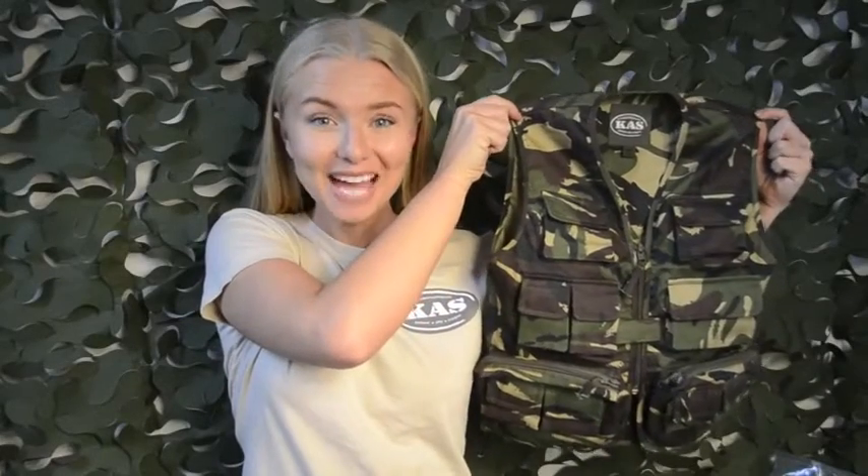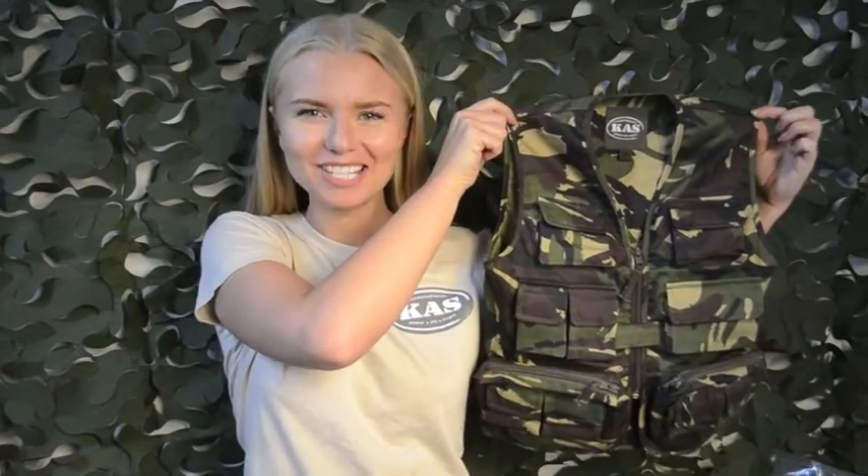Be the best looking recruit in the camo action vest. With its 11 pockets you'll never be short of any equipment.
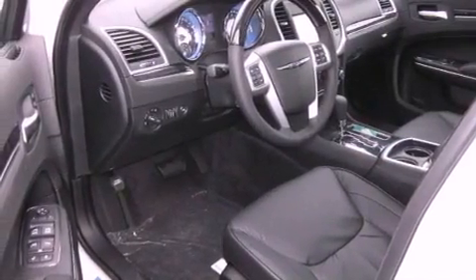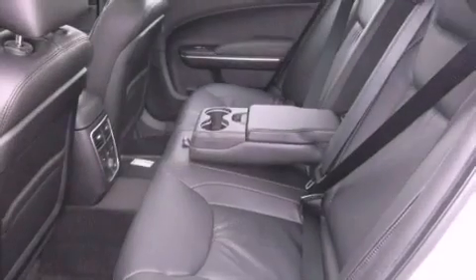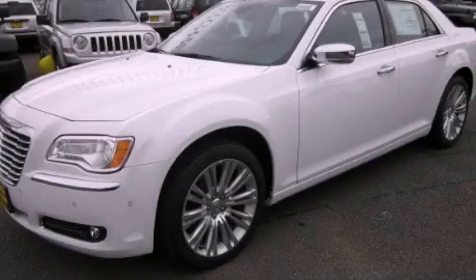Second row heated seats and a sunroof enables you to fill the cabin with fresh air at the push of a button. This vehicle is sure to sell fast. Call and arrange your test drive today.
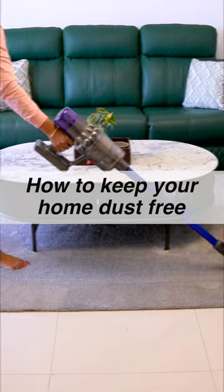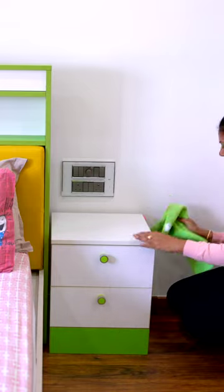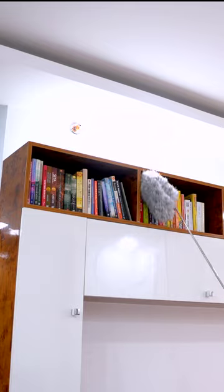Maintaining a dust-free home requires a small daily effort of 5–10 minutes. Follow a quick daily dusting routine to clean furniture, picture frame tops, books, and knick-knacks.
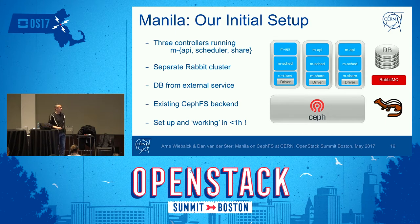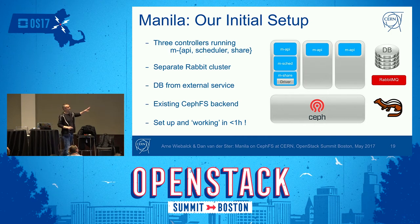However, we found quickly that having three VMs all running a share service is not the correct approach — the CephFS driver, when launched, will evict all other clients using the same authentication identifier, so we kept wondering why only one was ever active. The correct setup is to have only one share service talking to your backend. Funnily enough, I found we had followed the same wrong approach in our Cinder setup, with multiple volume services talking to Cinder, which could also lead to issues.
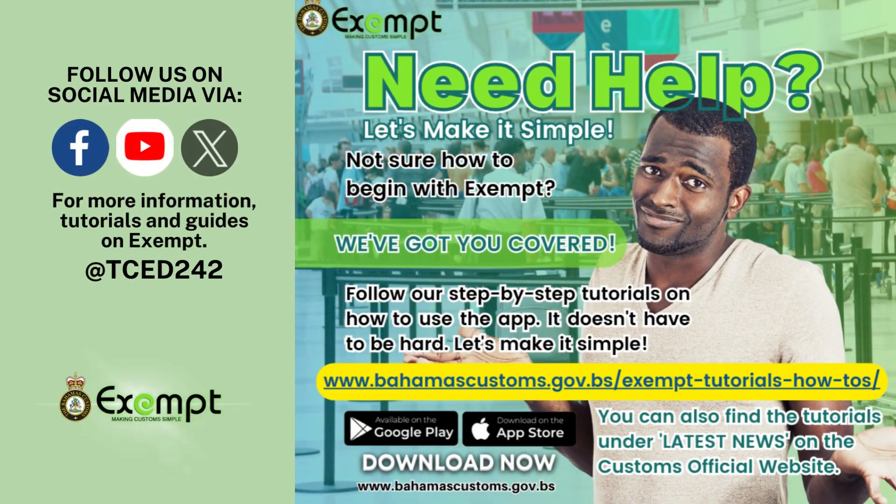Thank you for watching and we hope that this guide makes things a little easier for you. Follow us on social media to keep abreast with all the latest news and updates from Bahamas Customs. We also have a full playlist of how-to videos to aid you in making Exempt work for you.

• [HOW TO COMPLETE THIS TASK]: A faithful reproduction of every entry, with no pictures, is the expected answer.

• [ANSWER]:
Be the best looking recruit in the camo action vest. With its 11 pockets you'll never be short of any equipment.
Second row heated seats and a sunroof enables you to fill the cabin with fresh air at the push of a button. This vehicle is sure to sell fast. Call and arrange your test drive today.
Maintaining a dust-free home requires a small daily effort of 5–10 minutes. Follow a quick daily dusting routine to clean furniture, picture frame tops, books, and knick-knacks.
However, we found quickly that having three VMs all running a share service is not the correct approach — the CephFS driver, when launched, will evict all other clients using the same authentication identifier, so we kept wondering why only one was ever active. The correct setup is to have only one share service talking to your backend. Funnily enough, I found we had followed the same wrong approach in our Cinder setup, with multiple volume services talking to Cinder, which could also lead to issues.
Thank you for watching and we hope that this guide makes things a little easier for you. Follow us on social media to keep abreast with all the latest news and updates from Bahamas Customs. We also have a full playlist of how-to videos to aid you in making Exempt work for you.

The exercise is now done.